Image credit:Hurricane Matthew hits Haiti, 2016. Credit: NASA Earth Observatory image by Joshua Stevens / Flickr. Image license:CC BY 2.0

In partnership with the InsuResilience Global Partnership (IGP) secretariat, ODI has produced three advisory reports exploring issues in relation to the design and use of premium and capital support (PCS), to help guide the further development of climate and disaster risk financing and insurance (CDRFI). These reports also contribute to the Global Shield against Climate Risks, a major initiative launched at COP27 in Sharm el-Sheikh. The Global Shield aims to increase ‘pre-arranged finance’, which can be disbursed quickly and reliably in anticipation of - or just after - a disaster occurs, to protect people and governments in developing countries against climate change impacts.

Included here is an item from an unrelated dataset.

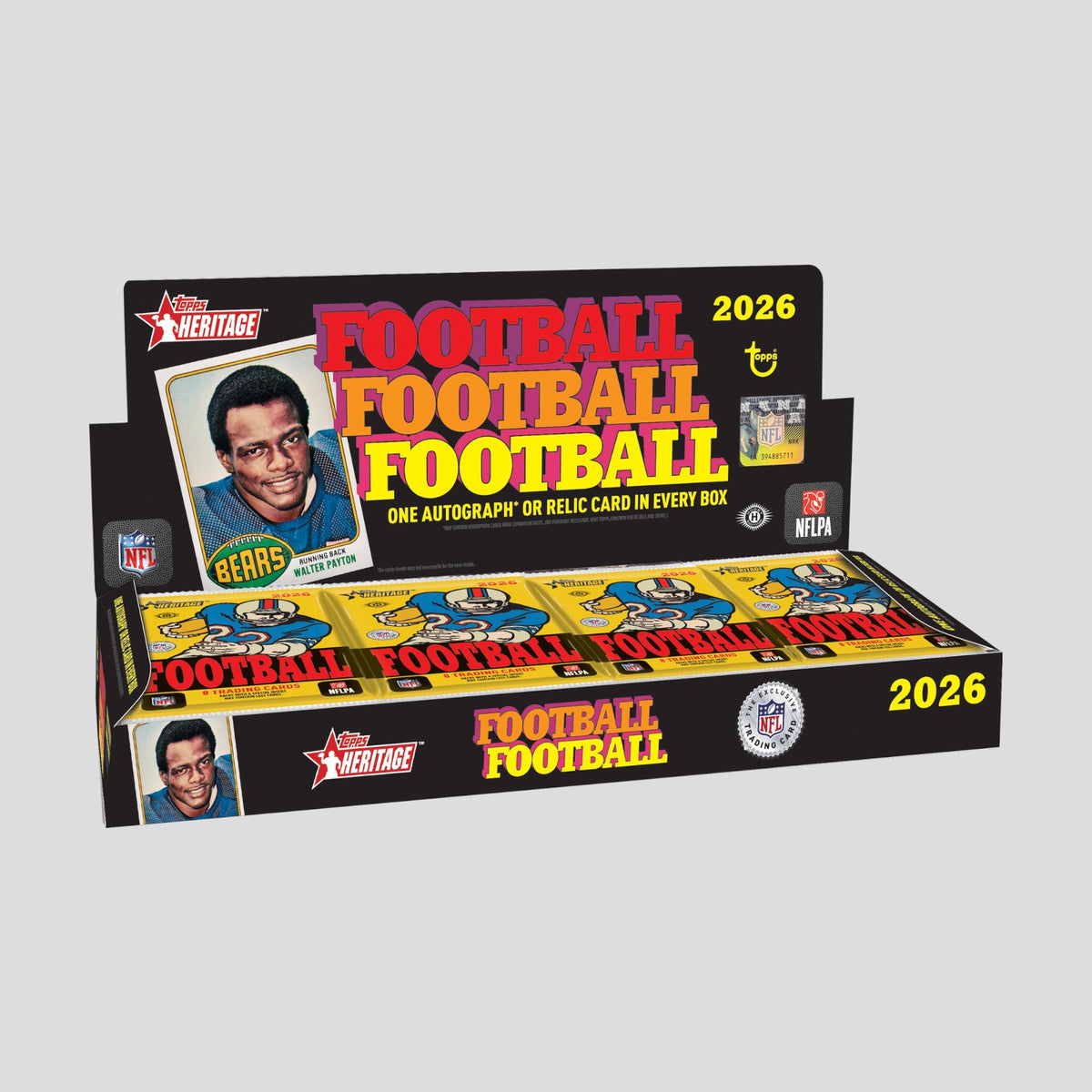 2026 TOPPS HERITAGE FOOTBALL HOBBY BOX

The political economy of premium subsidies: searching for better impact and design investigates the political economy of country decision-making in relation to sovereign-level climate and disaster risk finance and insurance, and the role of PCS in these decisions. The study aims to further global understanding on the uptake, size and value of premium and capital support. It also analyses the political economy of donor decisions in relation to the provision of PCS.

Methodological guidance to determine the ‘size’ of premium and capital support (PCS) at macro level is an advisory report based on the SMART Principles for PCS, developed in 2021 by the IGP for the purposes of scaling up climate and disaster risk and finance insurance solutions. It proposes methodological guidance to define the ‘scaling factor’ to determine the size/amount of premium support allocations. This guidance aims to support actors who are part of the IGP (such as the Programme Alliance) and policymakers and practitioners who are responsible for such allocation decisions.

Methodological guidance to assess the value for money of premium and capital support towards climate and disaster risk finance and insurance contributes to the practical implementation of the ‘Value for Money’ (VfM) principle, which describes the impact each dollar of PCS has on the resilience of poor and vulnerable countries and people. Aiming to inform allocation decisions, it provides a framework and methodology for the ex-ante assessment of the VfM of PCS options. This includes allowing decision-makers to compare premium versus capital support towards climate and disaster risk and finance insurance solutions, synthesising the effects of the different support options within one country, or of the same option across different countries.